TRIBUNNEWS.COM, JAKARTA - DPRD DKI Jakarta mulai membahas Rancangan Peraturan Daerah (Raperda) tentang Kawasan Tanpa Rokok (KTR), setelah penyelesaiannya tertunda lebih dari satu dekade.
Sekjen Lembaga Perlindungan Anak Indonesia (LPAI), Titik Suharyati mengatakan kebijakan KTR adalah bentuk investasi jangka panjang untuk melindungi anak-anak dari paparan asap rokok.
Selain itu, kebijakan tersebut diharapkan dapat menekan angka perokok anak yang dari tahun ke tahun kian mengkhawatirkan.

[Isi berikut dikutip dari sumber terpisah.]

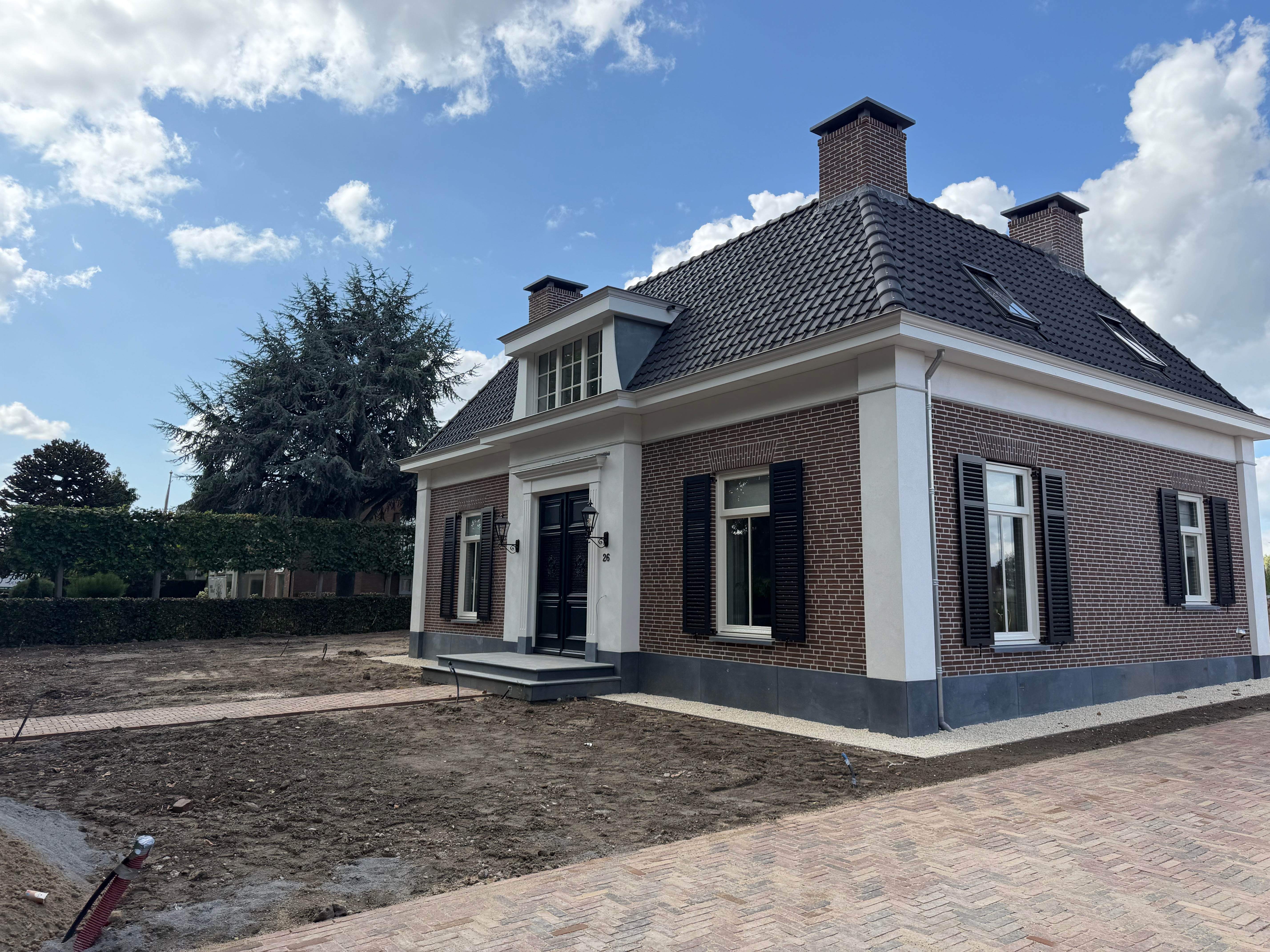 Vrijstaande woning Opheusden (Bouwbedrijf J.G. Timmer BV)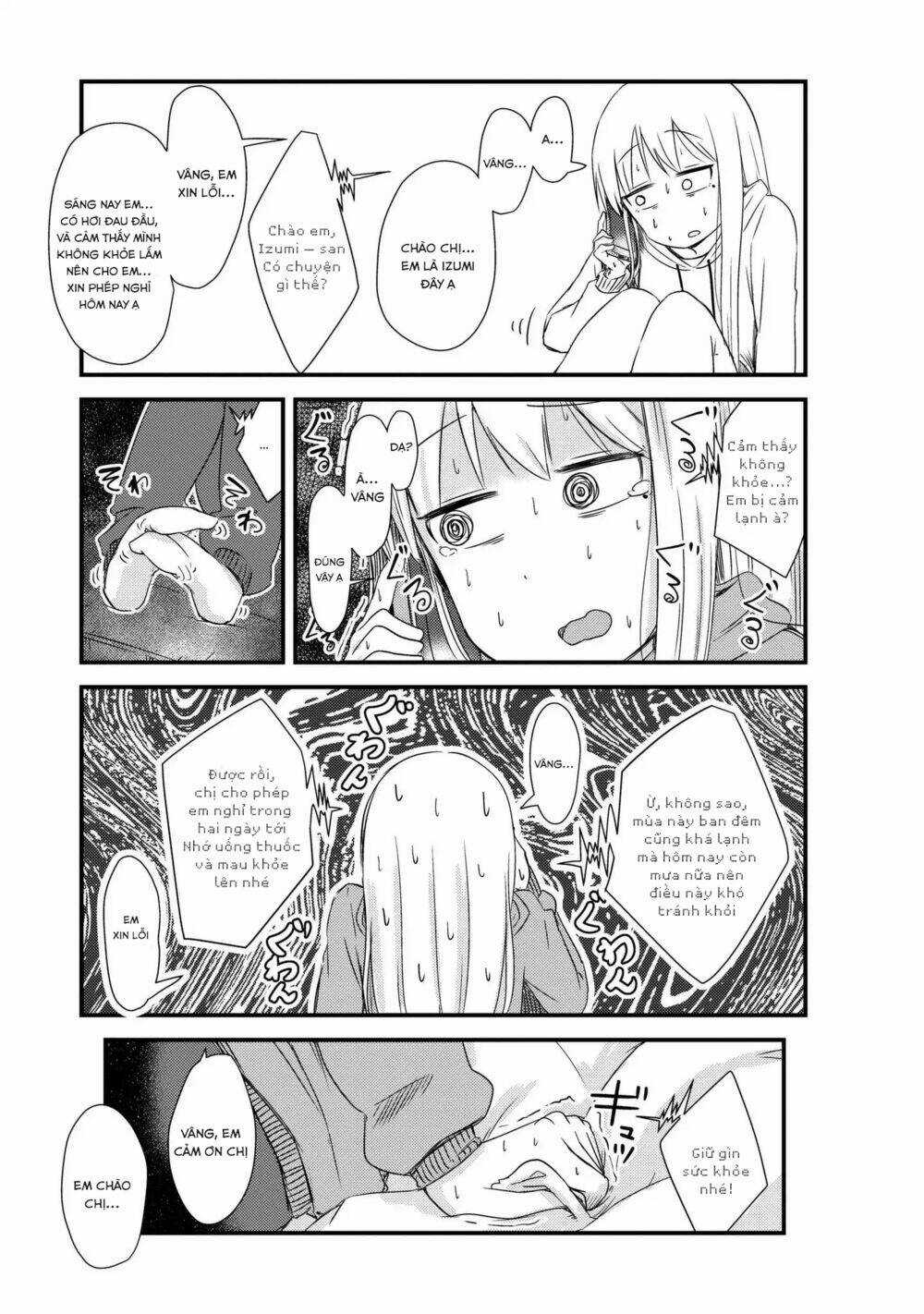 She Doesn’t Know Why She Lives - Chapter 3 - Trang 9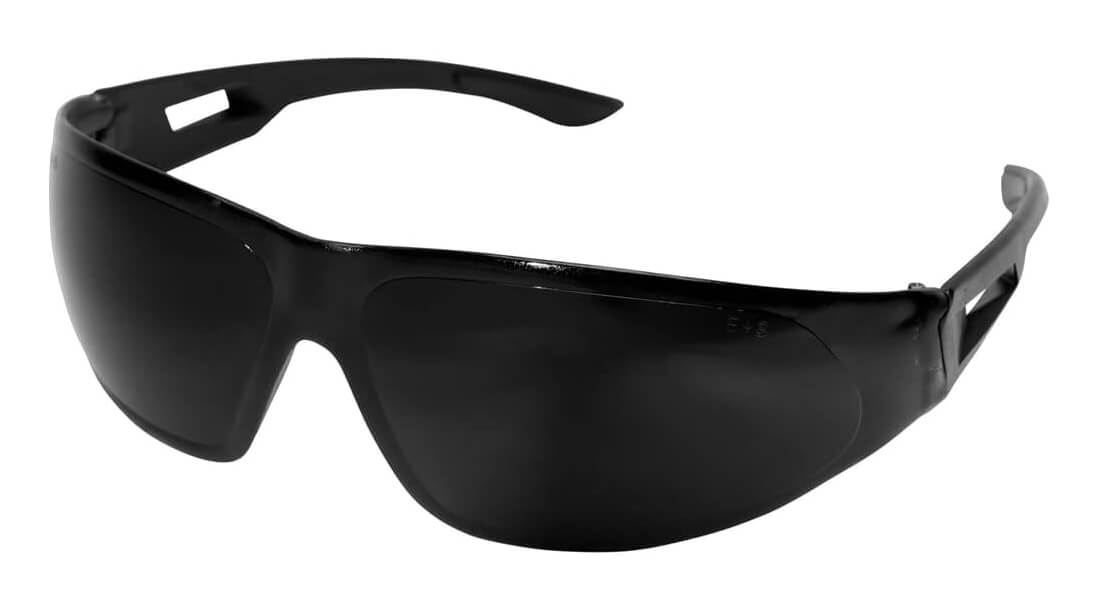 Edge Tactical Eyewear Dragon Fire Safety Glasses G-15 Anti-Fog Lens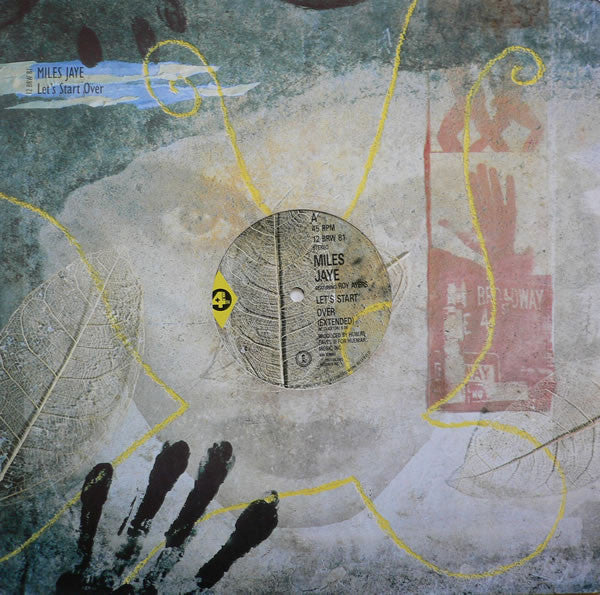 Miles Jaye : Let's Start Over (12")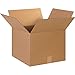 The Packaging Wholesalers 15 x 13 x 7 Inches Shipping Boxes, 25-Count (BS151307)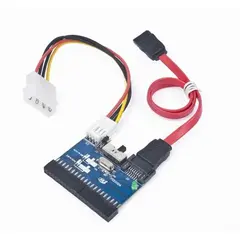 3 - Конвертер Gembird SATA-IDE-2, Разноцветный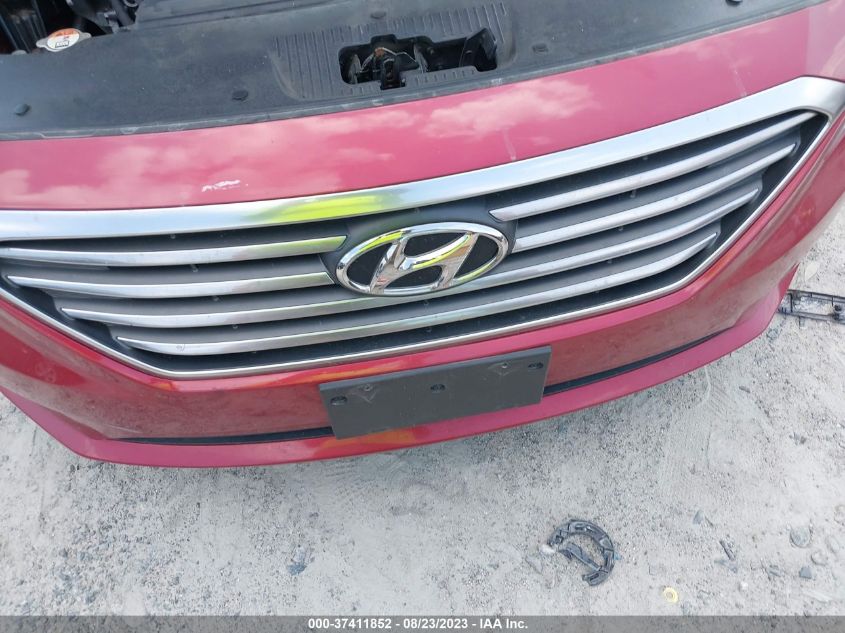 2016 HYUNDAI SONATA 2.4L SE - 5NPE24AF7GH389226
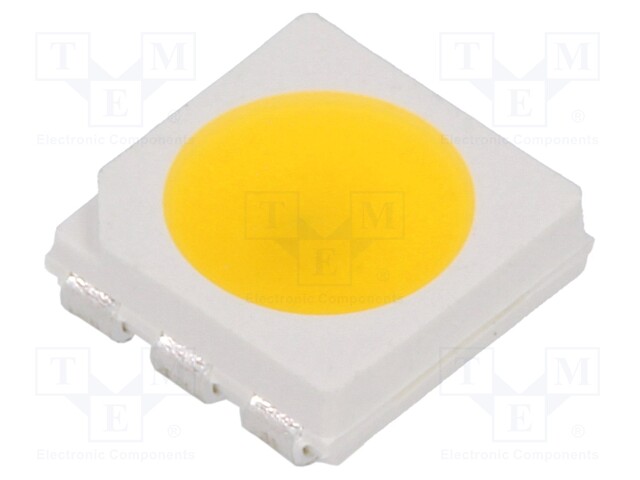 LED; white warm; 0.75÷1.12cd; 120°; 3÷5V; 20mA; Variant: blinking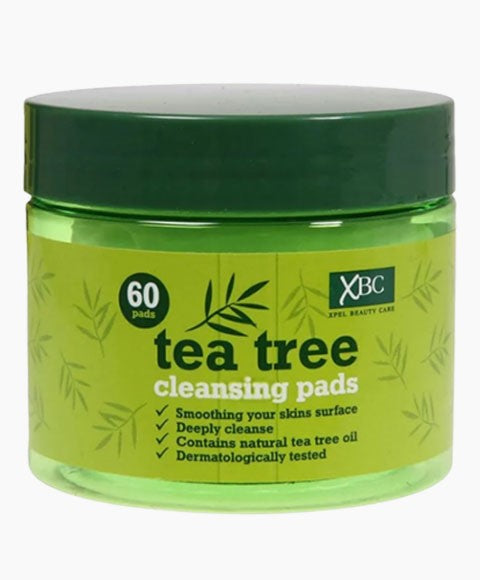 XBC XPEL BEAUTY CARE TEA TREE CLEANSING PADS 60 Pads Skin Wash Asetena Pa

“Kebijakan ini berperan penting dalam menekan angka perokok anak yang semakin mengkhawatirkan dari tahun ke tahun,” kata Titik kepada wartawan, Sabtu (5/7/2025).
Namun belakangan berhembus kekhawatiran bahwa Raperda KTR ini akan berdampak negatif pada Pendapatan Asli Daerah (PAD).
Kepala Center of Human and Economic Development (CHED) Institut Teknologi dan Bisnis Ahmad Dahlan Jakarta, Roosita Meilani Dewi mengatakan jika menilik data keuangan resmi DKI Jakarta, kekhawatiran tersebut terbantahkan dengan sendirinya.
Pasalnya selama satu dekade penerapan larangan iklan rokok melalui Pergub Nomor 1 Tahun 2015, penerimaan pajak reklame tetap mengalami tren stabil bahkan meningkat dari Rp714,9 miliar pada tahun 2015 menjadi Rp961,3 miliar pada 2024, di mana puncak tertinggi terjadi pada tahun 2022 dengan penerimaan Rp1,095 triliun.
Sementara dari data Survei Sosial Ekonomi Nasional tahun 2019, jumlah pengeluaran rumah tangga miskin untuk konsumsi rokok justru menempati urutan kedua setelah beras, yang mencapai Rp 79.226 per bulan.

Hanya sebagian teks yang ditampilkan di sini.